I get it. Mums need to rest after giving birth for there is no doubt it was a painful ordeal. There was even a nurse who gave me 'kind' advice to give up on the rooming-in idea because 'I will be very tired' and 'I should sleep more'. Thanks but no thanks, I felt pretty ready to scale Mt Everest, I wanted to tell her.
I get it. It's definitely easier to just pass your baby to the experienced nurses and have some breathing space for at least the first couple of days, to be able to rest, eat, sleep and even watch TV in peace.
BUT, where is the L-O-V-E?
No matter how professional they are, they are not the baby's mother. There will always be a lack of motherly touch and it is not something that can be replaced. They do it out of obligation, caring for hundreds of babies a week; we do it out of love, caring for one, or maybe two or three, babies for a lifetime. How can it ever be the same?
Unless you decide to pass your baby to the grandparents or confinement lady after you go home, something else which I am also against, you probably won't get to rest much, so why not get accustomed to the new life of a mum? It's a matter of perspective. Resting puts us in positive spirits. But is taking care of the baby a chore or a joy to you in the first place?
The first couple of days of your baby's life only happens once. Miss out on that and it never comes back.
******
The next day after I gave birth to Ariel in Thomson Medical Centre, I went for this breastfeeding/bathing workshop.
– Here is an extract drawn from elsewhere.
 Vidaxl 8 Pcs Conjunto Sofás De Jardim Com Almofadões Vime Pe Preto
Not that I thought I badly needed it, but it was good to just refresh my memory a little.
I can't tell you how many times I was appalled by some of things said by the other first-time parents.
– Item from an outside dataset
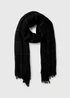Black Crinkle Detail Scarf - One Size Image 1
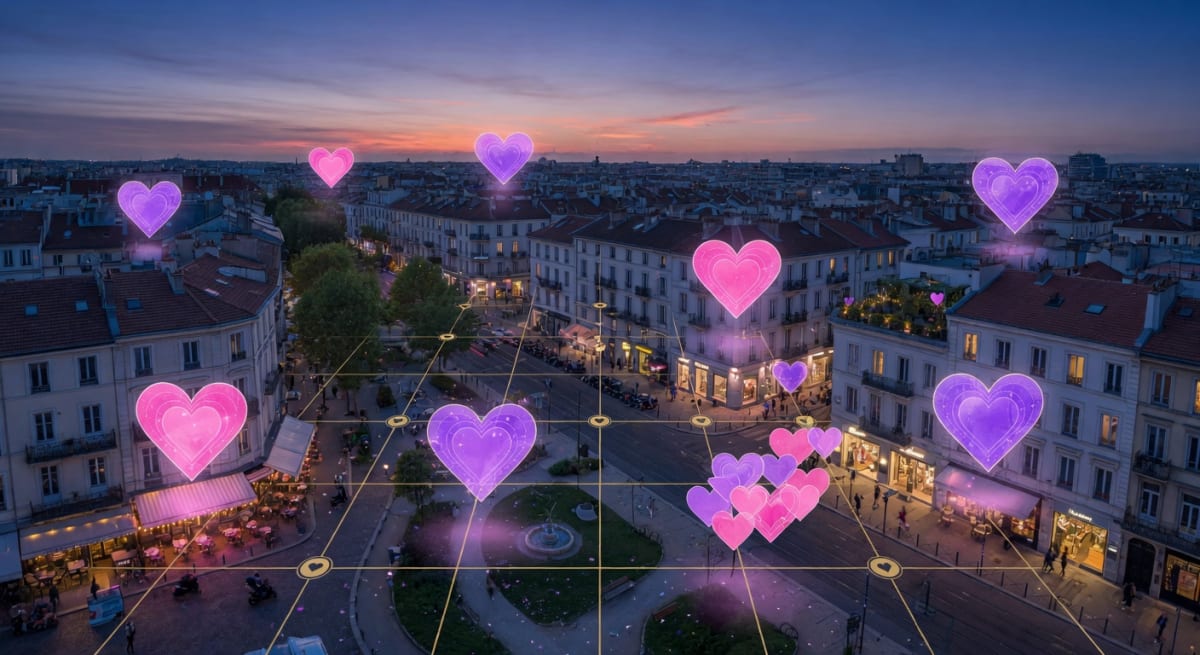 Premium artistic visualization of a city district with glowing purple-pink heart beacons representing nearby people on a subtle map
There was a dad who enquired just before discharge "How do I burp the baby?"
There was another parent who said "I don't know how to change diapers.
They never let me do it."
When asked why, their usual replies were "Because the nurses keep pushing the babies out."
Seriously, am you blaming the nurses for that or are you not taking enough initiative to keep your baby by your side?
There were many things that the speaker said which I wholeheartedly embraced and agreed.
"We should learn from the Caucasian culture. They never ever leave their babies."
"If you want to learn to care for your baby, then why do you let the nurses take your baby away from you for such a long time?"
"Don't be afraid to handle your baby on your own."
"The first days are important. It is when you learn about your baby and build up your confidence as a parent. You should know your baby best."
Sometimes, I can't help but think that Singaporeans are a little over pampered and thus take things for granted. Then when we are left to fend for our own, we become clueless, we get demoralized and we go into an unnecessary panic. That sense of confidence in upbringing a child, which I believe is vital to any parent, doesn't fall from the sky and it needs to earned. Well, I am just relieved that I have been a hands-on mom for both my girls. Feed, coax, bathe, soothe, clean, cuddle, hug, kiss. I did them from day one and I still do them every single day.
Before you get me wrong, I'm not totally against the idea of nursery. I do believe in cases of C-section, medical complications or in cases where the mom feels really weak to even stand up, it is probably a good idea to leave your baby in the nursery while you rest and regain your vigour. But other than that, I believe even more strongly that every mom is able to not only take care of herself but her newborn as well, as long as she believes that she can do it.
Also, I am not saying that everyone should burn their pockets to stay in single rooms for we all know how absurd the rates can be. Still, it is always possible to request for your baby to stay by your side for extended periods each time when the nurses bring him/her to you before they absolutely need to bring them away again. The only question is: Do you want your baby to stay by your side in the first place?
What do you believe in, as a parent?